Je n'ai pas dormi de toute la journée / Je suis resté toute la journée sans dormir / J'ai passé une nuit branche /


----------



## patyl

janpol said:


> Je n'ai pas dormi de toute la journée / Je suis resté toute la journée sans dormir / J'ai passé une nuit branche /



Hi, just wondering if you actually meant nuit blanche (sleepless night)?

Thanks.


----------



## Maître Capello

I would rather say, _Je n'ai pas dormi *depuis* un jour._

But in the positive, I would say, _J'ai dormi *pendant* tout un jour / un jour entier_.

Note that _Je n'ai pas dormi de la journée_ means that you didn't sleep during daytime.

See also the following threads:
FR: pendant / depuis + indication de temps
jour / journée


----------



## janpol

Oui, Patyl, une "nuit blanche"est une nuit au cours de laquelle on demeure éveillé. Comme la journée est réservée à d'autres activités que le sommeil (qui n'est pas à proprement parler une activité !), j'ai pensé qu'on pouvait exprimer cette idée en parlant de la nuit plutôt que du jour.
Maître, je ne pense pas que l'on dirait spontanément "je n'ai pas dormi depuis un jour". Ne dirait-on pas plutôt "hier" ?
"pendant tout un jour" : là, j'emploierais spontanément le mot "journée". Par contre, "un jour entier" sonne bien à mon oreille...


----------



## Maître Capello

janpol said:


> Maître, je ne pense pas que l'on dirait spontanément "je n'ai pas dormi depuis un jour".


Je le dirais en fait très facilement. C'est même ce qui m'est venu en premier. 



> Ne dirait-on pas plutôt "hier" ?


Ce serait envisageable, mais ce serait pour moi moins précis. (On pourrait en effet avoir dormi jusqu'à minuit la veille.)


----------



## olaszinho

Bonjour

Quelle différence y a-t-il entre ces deux phrases:  "je ne dors pas depuis un jour" et Je n'ai pas dormi depuis un jour? 
A mon avis, la seconde traduction est un calque de la phrase anglaise, je traduirais tout simplement: je ne dors pas depuis un jour.

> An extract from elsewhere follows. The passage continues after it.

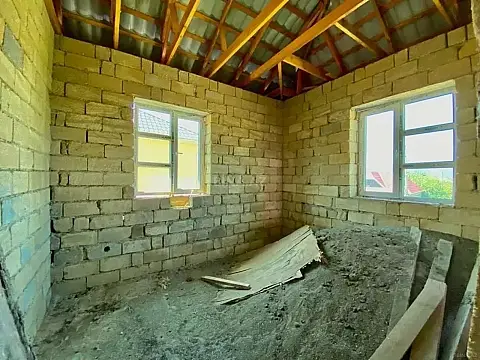 Satılır 3 otaqlı həyət evi 145 m²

En tout cas, je ne suis pas français.


----------



## janpol

> Ce serait envisageable, mais ce serait pour moi moins précis.


Effectivement. Alors, je propose : "Je n'ai pas dormi au cours des dernières 24 heures."


----------



## KathrynT

Merci tout le monde!

I'm still slightly confused however. The situation is I have been traveling from the US to France and have not managed to sleep on the airplane. So then wouldn't I have to use "depuis" in my construction? (because as the above thread debating the use of "pendant/depuis +indication de temps" says, you use "depuis" when an action is ongoing.) 

So if I mean: I haven't slept for a day (and I still haven't slept at the moment I'm saying it): *Je ne dors pas depuis un jour.
*Par contre: I haven't slept for a day (indicating that I haven't slept for a full 24 hours; perhaps I slept for 20 hours instead): *Je n'ai pas dormi pendant un jour.*

Ça va? Or perhaps this just doesn't translate using a "depuis" construction and I'd be better served by "Je n'ai pas dormi au cours des dernières 24 heures" as suggested by janpol. C'est logique.


----------



## Nino83

Est-ce qu'on peut dire _il y a un jour que je ne dors pas_?


----------



## Oddmania

Hi KathrynT,

In French, when an event *has been going on* for a certain time, the Present tense and _depuis_ are required.

_......Je *vis* ici depuis deux ans → I*'ve been living *__ here for two years._

On the other hand, when something hasn't happened for a certain time (negative sentence), then we usually use the Passé Composé tense with _depuis_.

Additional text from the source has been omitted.